Just like his ability to get to the basket, crash into bigger defenders and still get high above the rim, Selby's competitiveness is in constant overdrive.

He says it comes from his childhood days in Baltimore playing basketball with his cousins. And it didn't stop once they left the court, extending onto Lanvale and Barclay streets as they found their way home.

"We would go shoot hoops and then race to the house. The loser would have to do something like clean everybody's shoes or go to the store to buy stuff," said Selby, who averaged 16 points, eight assists and five rebounds last season at DeMatha.

"I used to hate when I lost, so that's where I got it from."

It has been a trying past year for Selby, but he has made an effort to grow from it.

Last year at DeMatha, his second school after starting his high school career at John Carroll, the daily grind wore on him. He would have to wake up every morning at 5 to catch the train to Hyattsville, not getting back home to Baltimore until after 9 p.m. His schoolwork suffered and he was put on academic probation, prompting him to leave DeMatha and transfer to Lake Clifton last spring.

In the summer, Selby withdrew his commitment to Tennessee and is now drawing attention from all the top colleges. He has narrowed his choices to Indiana, Kansas, Kentucky and Syracuse. The lofty list of schools speaks to his unlimited potential.

"Josh has everything you look for in an elite talent," said Jerry Meyer of, who ranks Selby fourth in the country overall and the No. 2 point guard. "It's really a combination of three things: athleticism, high skills and competitiveness. He has all those characteristics. There's no telling how good he can be. He has a chance to be a one-and-done college player, an All-American type who can be a longtime pro that goes on to play in [ NBA] All-Star games."

For now, Selby just wants to be a high school senior - he says his mother, Maeshon Witherspoon, handles all his recruiting details to help keep his hectic life as routine as possible - and he's glad to be at Lake Clifton.

Last year, the Lakers had transfers Will and Antonio Barton come in to help lead the team to a 28-0 season, No. 1 area ranking and the state championship.

Last year's team also had a strong nucleus already in place, with senior leaders Jason Sharp and Cleveland Melvin helping the new players find their way in Harried's disciplined program.

This year's team only has one starter back in senior center Karee Watson, forcing a largely new group to learn as they go. Selby has proven to be a quick study.

"He brings a lot to the table," said senior swingman Durand Johnson, a highly touted transfer from Parkville. "He's looking to find everybody, keeps talking to us and tries to make us all better any way he can."

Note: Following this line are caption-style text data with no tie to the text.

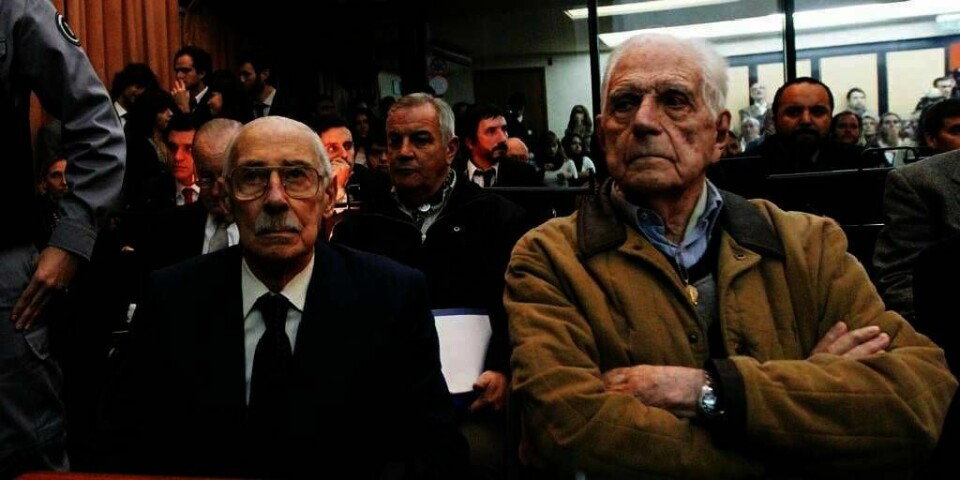 DØMT: 500 barn i Argentina ble bortført fra mødrene og gitt til andre familier. De tidligere militær-diktatorene Jorge Rafael Videla (til venstre) og Reynaldo Bignone er nå dømt for bortføringene.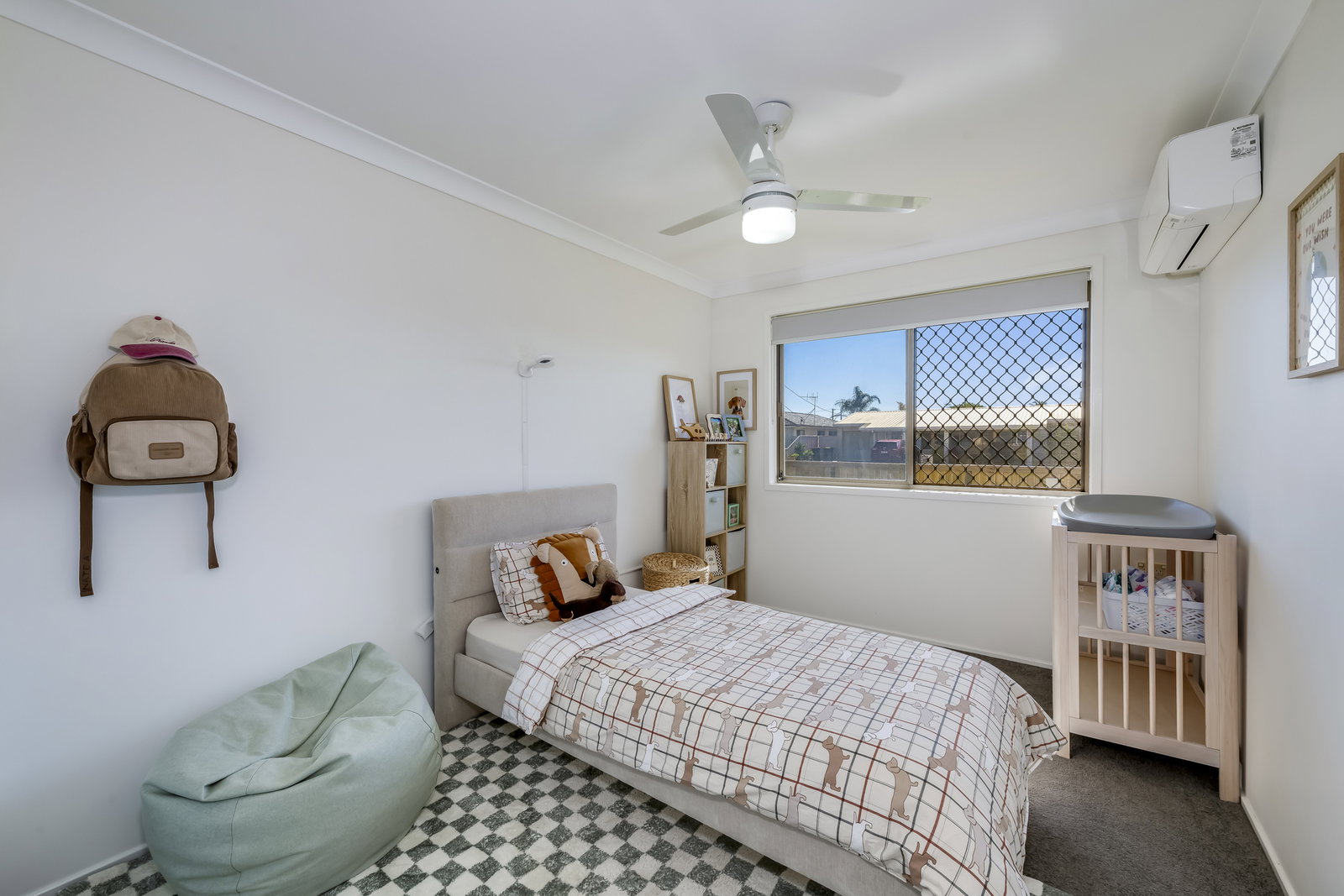 6 McLachlan Drive, Avenell Heights  QLD  4670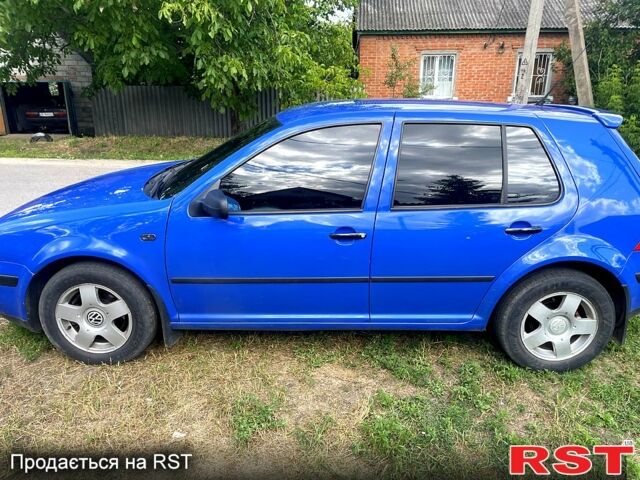 Синій Фольксваген Гольф, об'ємом двигуна 1.8 л та пробігом 300 тис. км за 4000 $, фото 3 на Automoto.ua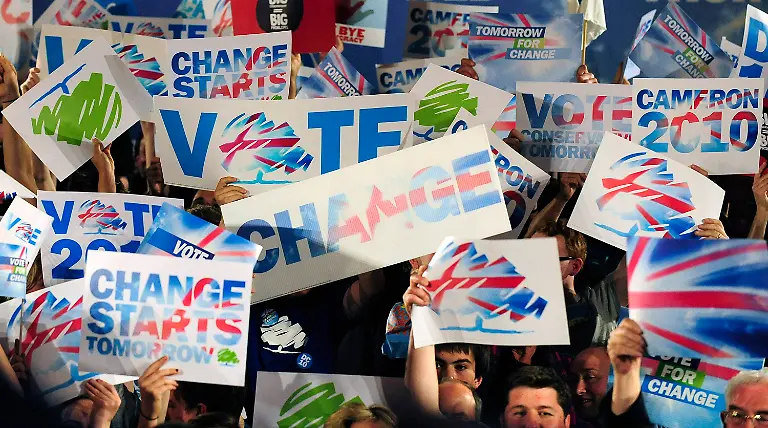 2010-05-05T195625Z-01-TOB513-RTRMDNP-3-BRITAIN-ELECTION-JPG5999322203420842978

Added Harried: "I've seen leadership from him, and he communicates well and is very helpful to the other players. He works very hard. He's still not used to working at our level, but he does it and you don't have to push and yell."

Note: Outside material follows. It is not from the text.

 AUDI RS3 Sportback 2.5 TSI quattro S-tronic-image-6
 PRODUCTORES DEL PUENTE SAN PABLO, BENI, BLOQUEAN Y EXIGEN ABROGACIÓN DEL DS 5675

Selby has welcomed the change.

In the fall, he ran for the cross country team at Harried's urging to get an appreciation of hard work and discipline that has carried into the basketball season. It proved a valuable experience.

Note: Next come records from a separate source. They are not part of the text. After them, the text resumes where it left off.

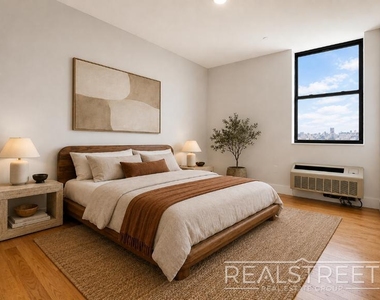 90-02 Queens Blvd - Photo Thumbnail 6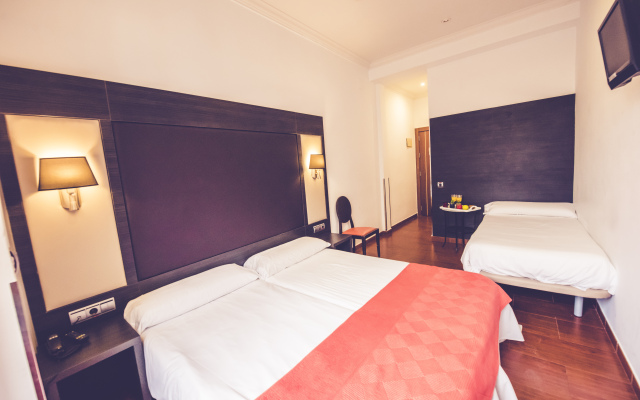 Hostal Sol Los Angeles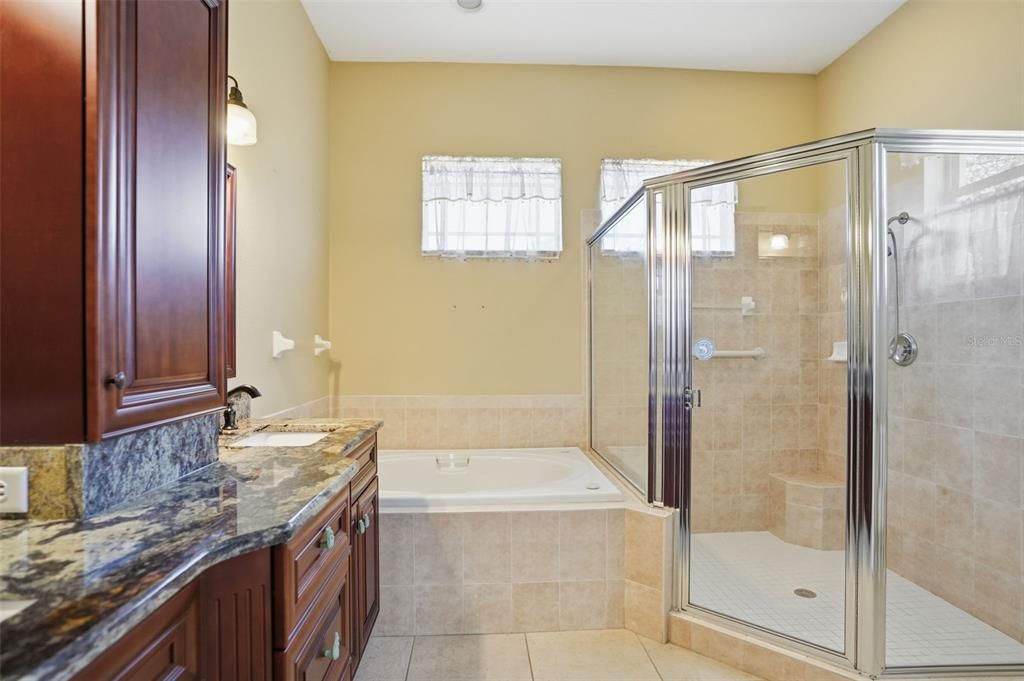 Activo con contrato: $335,000 (3 camas, 2 baños, 1964 Pies cuadrados)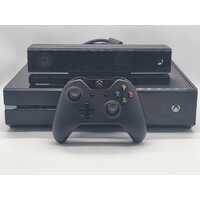 Microsoft Xbox One Console 500GB with Kinect + Controller and Cables (Pre-owned)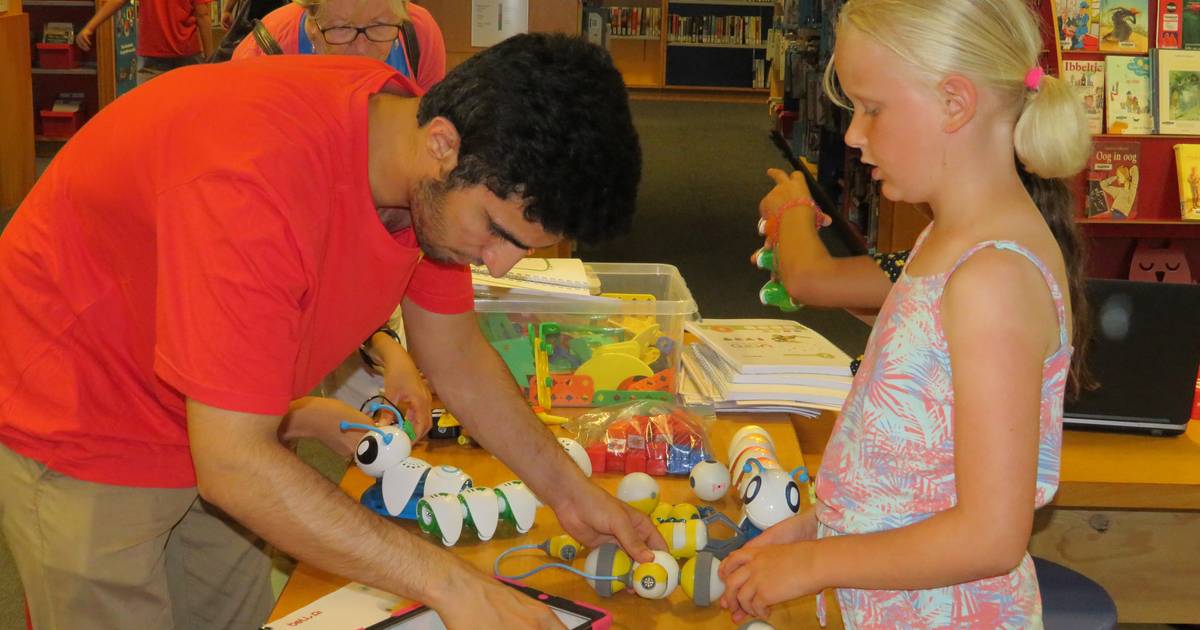 Bibliotheek Oostende erkend als STEM-academie | Oostende | hln.be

"Coach Tree, the things he brings out of you is amazing. I never thought I would be able to run cross country," Selby said. "It was interesting and hard, but also fun because I was running with a team. We were running up hills, down hills, in the mud, and it was everybody getting dirty. It really helped me mature and made me more mentally and physically strong."

That doesn't bode well for coming basketball opponents.

Casually brash and confident, Selby is comfortable describing himself as a leader, a winner and someone who plays with a lot of heart, intensity and enthusiasm. But the very next moment, without having been asked, he quickly adds: "Things I need to work on? I'm not Kobe and I'm not Jordan, so I need to work on everything."

And that "everything" begins with helping lead the Lakers to another state championship.

"Coming in, it was different because last year the team went 28-0, so I got a lot of pressure on me, people saying 'Can Josh do it?' " he said.

"But I'm not worried about me - I'm worrying about us. As a team, I think we can do it. I think we can repeat. My senior year, I want to win a championship, get a ring - that's what I want right now."